Понятовский понравился Екатерине, потому что он говорил языком Вольтера и героев мадам де Скюдери. Он приобрел расположение великого князя, насмехаясь над польским королем и его министром и косвенно воздавая, таким образом, почтение Фридриху. Он не одержал других побед в Петербурге. Елизавета смотрит на него косо и готова уступить настояниям саксонского двора, требовавшего его удаления. Спрашивалось: на каком основании, не будучи ни англичанином, ни дипломатом, он входил в состав английского посольства? Почему, собственно, не имея никакого положения, вздумал играть какую-то роль? Аргументы эти не веские. В то время все европейские дворы кишели еще более загадочными личностями и дипломатическими агентами, обладавшими еще меньшими полномочиями. Петербургский двор не исключение из общего правила. К нему только что прибыл д’Эон. Понятовскому пришлось, однако, немедленно исчезнуть. Екатерина отпустила его, уверенная, что он вернется. Действительно, через три месяца он возвратился, снабженный официальным званием министра короля польского. Это дело рук Бестужева, желавшего во что бы то ни стало быть приятным Екатерине.

Чувствуя отныне под собой твердую почву, поляк не замедлил воспользоваться этим, чтобы снова начать лихорадочную деятельность, обделывая дела своих дядей Чарторыйских во вред королю польскому и дела своего друга Вильямса в пользу прусского короля. Часто Екатерина, поддерживая его хлопоты, делала приписки в его письмах к Бестужеву. Когда ее вмешательство не сказывалось явно, оно подразумевалось, что сводилось к одному и тому же. Вскоре снова раздался хор жалоб со стороны французского и австрийского послов. Одно время Дуглас подметил возможность войти в соглашение с молодым двором, а следовательно, с Понятовским. После некоторого колебания и нерешительности маркиз Лопиталь также склонился к этому мнению и перестал противиться пребыванию польского дипломата в северной столице. Но в то же время возникло крупное разногласие между носителями французской политики в Петербурге и представителем ее в Варшаве графом де Брольи. Последний настоятельно требовал отозвания Понятовского. Увы, французская политика и ее влияние на Востоке рушились, таким образом, в непримиримом конфликте противоположных идей и принципов!

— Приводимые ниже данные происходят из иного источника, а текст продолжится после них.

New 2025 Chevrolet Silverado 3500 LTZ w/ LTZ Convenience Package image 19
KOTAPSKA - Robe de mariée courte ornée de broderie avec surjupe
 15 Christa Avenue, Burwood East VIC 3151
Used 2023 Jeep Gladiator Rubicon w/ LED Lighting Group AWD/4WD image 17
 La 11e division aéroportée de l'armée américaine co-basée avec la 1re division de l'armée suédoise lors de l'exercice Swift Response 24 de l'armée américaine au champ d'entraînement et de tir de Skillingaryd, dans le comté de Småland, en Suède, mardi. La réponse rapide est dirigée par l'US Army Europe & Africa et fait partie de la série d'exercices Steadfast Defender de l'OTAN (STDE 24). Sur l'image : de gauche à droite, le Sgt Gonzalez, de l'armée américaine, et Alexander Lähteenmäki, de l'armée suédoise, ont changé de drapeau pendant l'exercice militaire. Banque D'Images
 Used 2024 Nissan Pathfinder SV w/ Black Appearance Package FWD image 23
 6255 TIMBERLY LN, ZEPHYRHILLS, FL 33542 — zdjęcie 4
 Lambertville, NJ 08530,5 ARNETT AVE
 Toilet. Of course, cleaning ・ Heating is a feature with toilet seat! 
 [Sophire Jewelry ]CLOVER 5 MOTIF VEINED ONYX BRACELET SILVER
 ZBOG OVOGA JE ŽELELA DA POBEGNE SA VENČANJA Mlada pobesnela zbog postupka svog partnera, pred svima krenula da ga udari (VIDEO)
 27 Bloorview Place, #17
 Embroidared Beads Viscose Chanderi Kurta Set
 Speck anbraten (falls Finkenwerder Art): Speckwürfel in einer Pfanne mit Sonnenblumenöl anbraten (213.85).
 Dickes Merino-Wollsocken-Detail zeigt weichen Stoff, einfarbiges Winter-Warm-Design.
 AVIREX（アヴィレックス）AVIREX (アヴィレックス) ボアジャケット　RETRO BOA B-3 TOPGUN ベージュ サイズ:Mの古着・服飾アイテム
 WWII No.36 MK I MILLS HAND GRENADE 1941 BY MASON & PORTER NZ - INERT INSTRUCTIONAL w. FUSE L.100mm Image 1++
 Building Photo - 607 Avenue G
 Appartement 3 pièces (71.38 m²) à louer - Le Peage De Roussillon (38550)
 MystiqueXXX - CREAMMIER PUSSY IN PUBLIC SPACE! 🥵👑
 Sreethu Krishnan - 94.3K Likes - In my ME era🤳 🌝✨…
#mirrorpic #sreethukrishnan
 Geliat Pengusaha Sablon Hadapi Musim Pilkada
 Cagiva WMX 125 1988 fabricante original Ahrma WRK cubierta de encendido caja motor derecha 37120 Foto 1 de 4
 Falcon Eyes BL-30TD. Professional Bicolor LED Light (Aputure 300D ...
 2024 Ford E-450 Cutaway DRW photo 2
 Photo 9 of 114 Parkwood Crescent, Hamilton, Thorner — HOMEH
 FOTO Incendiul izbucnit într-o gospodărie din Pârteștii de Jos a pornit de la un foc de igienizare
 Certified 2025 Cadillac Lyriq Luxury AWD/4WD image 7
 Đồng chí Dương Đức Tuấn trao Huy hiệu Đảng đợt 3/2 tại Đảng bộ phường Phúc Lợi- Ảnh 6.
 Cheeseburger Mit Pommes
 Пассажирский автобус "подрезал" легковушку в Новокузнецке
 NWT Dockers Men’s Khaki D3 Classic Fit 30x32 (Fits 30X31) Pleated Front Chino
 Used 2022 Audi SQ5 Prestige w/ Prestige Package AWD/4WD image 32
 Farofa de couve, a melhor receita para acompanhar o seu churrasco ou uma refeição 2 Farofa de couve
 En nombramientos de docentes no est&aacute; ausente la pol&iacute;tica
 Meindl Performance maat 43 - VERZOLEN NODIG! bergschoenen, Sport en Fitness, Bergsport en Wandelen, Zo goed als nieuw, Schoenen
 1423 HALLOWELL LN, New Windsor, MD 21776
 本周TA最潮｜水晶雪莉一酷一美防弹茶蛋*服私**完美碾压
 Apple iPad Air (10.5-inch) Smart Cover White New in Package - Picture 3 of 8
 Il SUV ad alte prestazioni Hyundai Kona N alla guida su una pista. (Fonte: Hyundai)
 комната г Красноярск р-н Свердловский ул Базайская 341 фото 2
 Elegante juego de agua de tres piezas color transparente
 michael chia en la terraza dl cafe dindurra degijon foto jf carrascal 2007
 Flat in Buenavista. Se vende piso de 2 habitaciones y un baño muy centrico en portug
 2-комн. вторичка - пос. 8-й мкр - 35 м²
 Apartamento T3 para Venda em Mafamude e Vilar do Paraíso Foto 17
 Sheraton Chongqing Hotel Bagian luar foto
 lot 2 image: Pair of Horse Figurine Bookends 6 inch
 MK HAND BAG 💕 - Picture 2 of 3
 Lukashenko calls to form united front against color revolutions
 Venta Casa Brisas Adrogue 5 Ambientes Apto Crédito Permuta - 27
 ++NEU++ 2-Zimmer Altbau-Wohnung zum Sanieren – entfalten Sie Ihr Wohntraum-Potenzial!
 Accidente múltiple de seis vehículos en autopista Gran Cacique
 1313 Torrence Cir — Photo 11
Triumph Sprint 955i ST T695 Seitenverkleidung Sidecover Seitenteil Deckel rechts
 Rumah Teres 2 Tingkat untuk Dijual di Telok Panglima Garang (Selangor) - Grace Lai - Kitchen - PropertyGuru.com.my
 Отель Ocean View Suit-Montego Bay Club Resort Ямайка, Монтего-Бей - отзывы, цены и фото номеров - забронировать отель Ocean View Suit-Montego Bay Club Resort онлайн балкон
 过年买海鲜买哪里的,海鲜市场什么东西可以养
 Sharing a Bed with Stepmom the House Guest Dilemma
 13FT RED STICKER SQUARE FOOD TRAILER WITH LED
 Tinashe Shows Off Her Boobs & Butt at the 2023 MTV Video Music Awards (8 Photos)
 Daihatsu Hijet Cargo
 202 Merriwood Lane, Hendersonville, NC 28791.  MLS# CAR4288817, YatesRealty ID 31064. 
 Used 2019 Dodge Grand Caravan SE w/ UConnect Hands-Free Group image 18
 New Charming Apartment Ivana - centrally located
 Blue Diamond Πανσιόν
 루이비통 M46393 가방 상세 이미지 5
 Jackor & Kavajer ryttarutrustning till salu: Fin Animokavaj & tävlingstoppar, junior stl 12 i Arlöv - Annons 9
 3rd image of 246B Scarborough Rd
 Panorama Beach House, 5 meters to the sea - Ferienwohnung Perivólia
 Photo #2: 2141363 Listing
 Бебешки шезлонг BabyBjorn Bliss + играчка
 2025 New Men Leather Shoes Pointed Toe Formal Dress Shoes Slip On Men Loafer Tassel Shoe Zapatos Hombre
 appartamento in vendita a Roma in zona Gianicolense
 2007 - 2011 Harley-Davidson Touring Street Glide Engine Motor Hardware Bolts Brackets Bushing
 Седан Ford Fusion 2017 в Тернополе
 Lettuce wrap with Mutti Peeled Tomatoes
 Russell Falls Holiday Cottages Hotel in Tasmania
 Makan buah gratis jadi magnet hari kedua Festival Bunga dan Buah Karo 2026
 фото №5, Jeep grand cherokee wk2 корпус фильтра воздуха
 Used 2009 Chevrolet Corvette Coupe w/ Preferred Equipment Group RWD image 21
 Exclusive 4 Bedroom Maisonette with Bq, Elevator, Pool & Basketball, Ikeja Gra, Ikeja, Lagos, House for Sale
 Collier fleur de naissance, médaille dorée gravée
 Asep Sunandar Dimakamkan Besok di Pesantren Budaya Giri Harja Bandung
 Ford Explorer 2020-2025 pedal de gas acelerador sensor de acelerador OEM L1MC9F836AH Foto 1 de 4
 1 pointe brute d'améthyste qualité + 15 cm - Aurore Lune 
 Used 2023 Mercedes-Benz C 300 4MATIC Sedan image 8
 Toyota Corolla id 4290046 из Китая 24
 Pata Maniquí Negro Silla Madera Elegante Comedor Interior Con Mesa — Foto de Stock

В сентябре 1757 года Дуглас отправился в Варшаву и в целом ряде бесед с графом Брольи принялся убеждать его, что необходимо радикально переменить фронт относительно защиты французских интересов в Восточной Европе. Согласно его мнению, вследствие Версальского договора, обусловившего вступление Франции в систему союзов, к которой принадлежали Россия и Австрия, Франция должна разорвать старые связи с Портой и Польшей. Приобретение могущественной дружбы в Петербурге вознаградило бы за потерю влияния в Варшаве и Константинополе.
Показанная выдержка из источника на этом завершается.